# ACTION ITEM:
Return the full set of entries precisely. Do not carry over any pictures.
EXTRACTED RECORDS Block Start
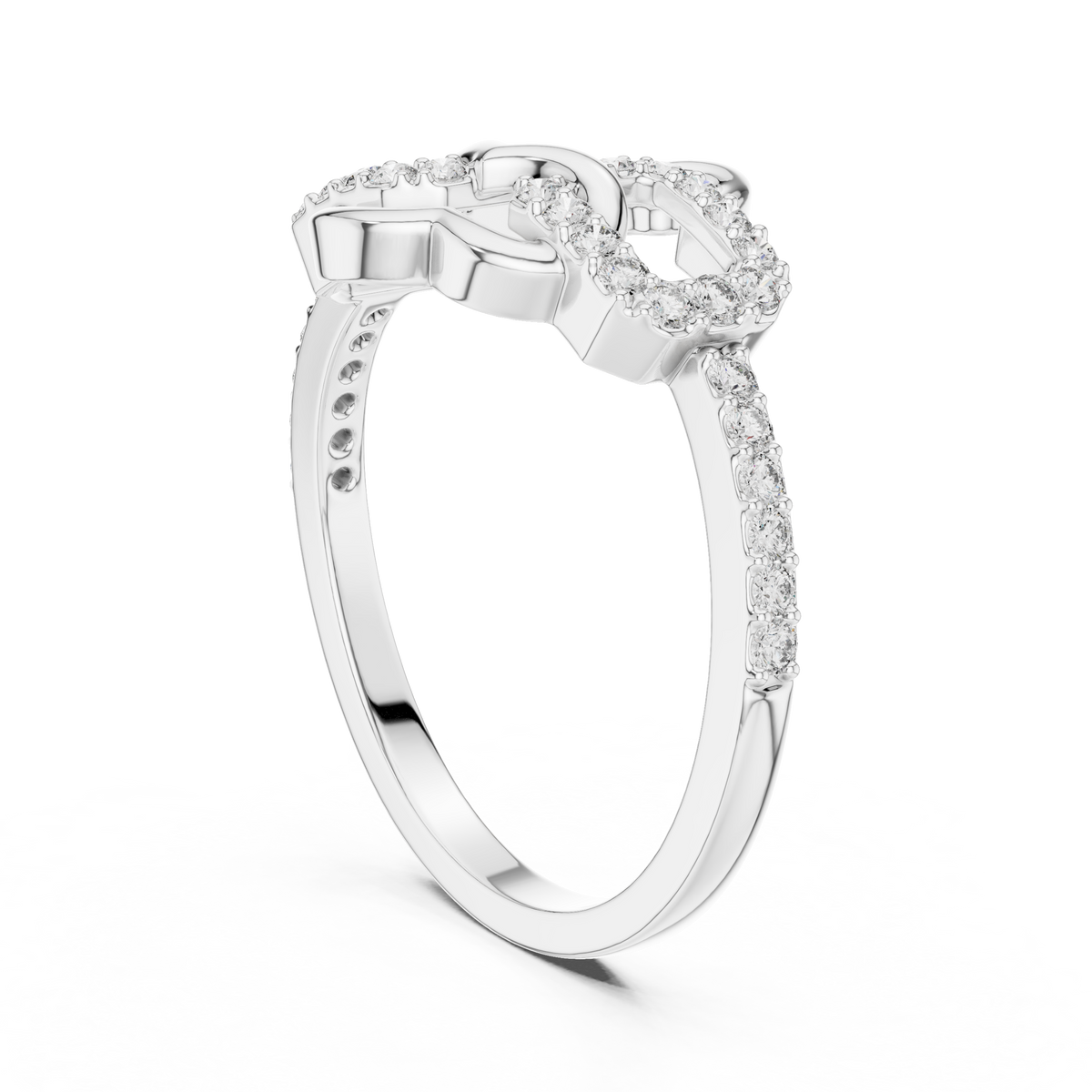 Open Heart and Link Moissanite Ring in white 925 sterling silver, view 1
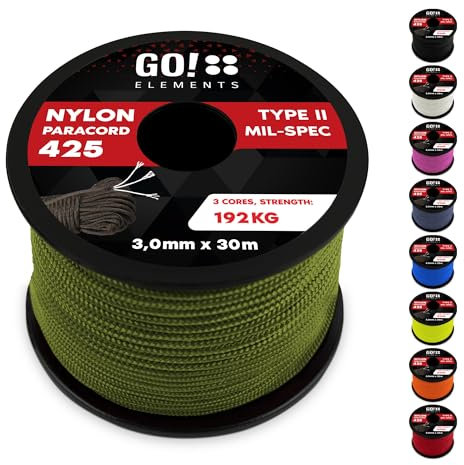 GO!elements Paracord de Nylon Resistente al desgarro 3mm – Tipo II 425, línea Multiuso para Exteriores y Supervivencia, Carga máx. 192kg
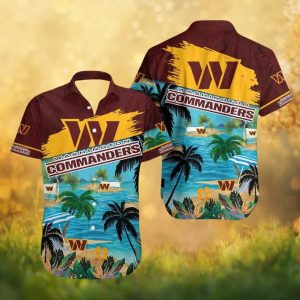 Washington Commanders Tropical Island Beach Scene NFL Hawaiian Shirt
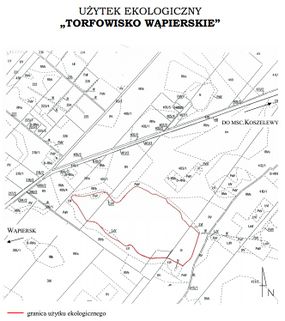 Użytek ekologiczny "Torfowisko Wąpierskie" – położenie, źródło: bip.olsztyn.rdos.gov.pl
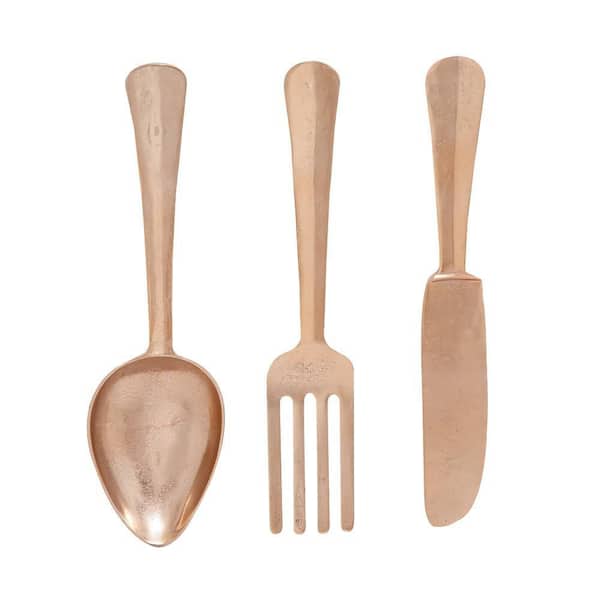 Litton Lane Aluminum Gold Knife, Spoon and Fork Utensils Wall Decor (Set of 3)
EXTRACTED RECORDS Block End
# THE ANSWER:
 Open Heart and Link Moissanite Ring in white 925 sterling silver, view 1
 GO!elements Paracord de Nylon Resistente al desgarro 3mm – Tipo II 425, línea Multiuso para Exteriores y Supervivencia, Carga máx. 192kg
 Washington Commanders Tropical Island Beach Scene NFL Hawaiian Shirt
 Użytek ekologiczny "Torfowisko Wąpierskie" – położenie, źródło: bip.olsztyn.rdos.gov.pl
 Litton Lane Aluminum Gold Knife, Spoon and Fork Utensils Wall Decor (Set of 3)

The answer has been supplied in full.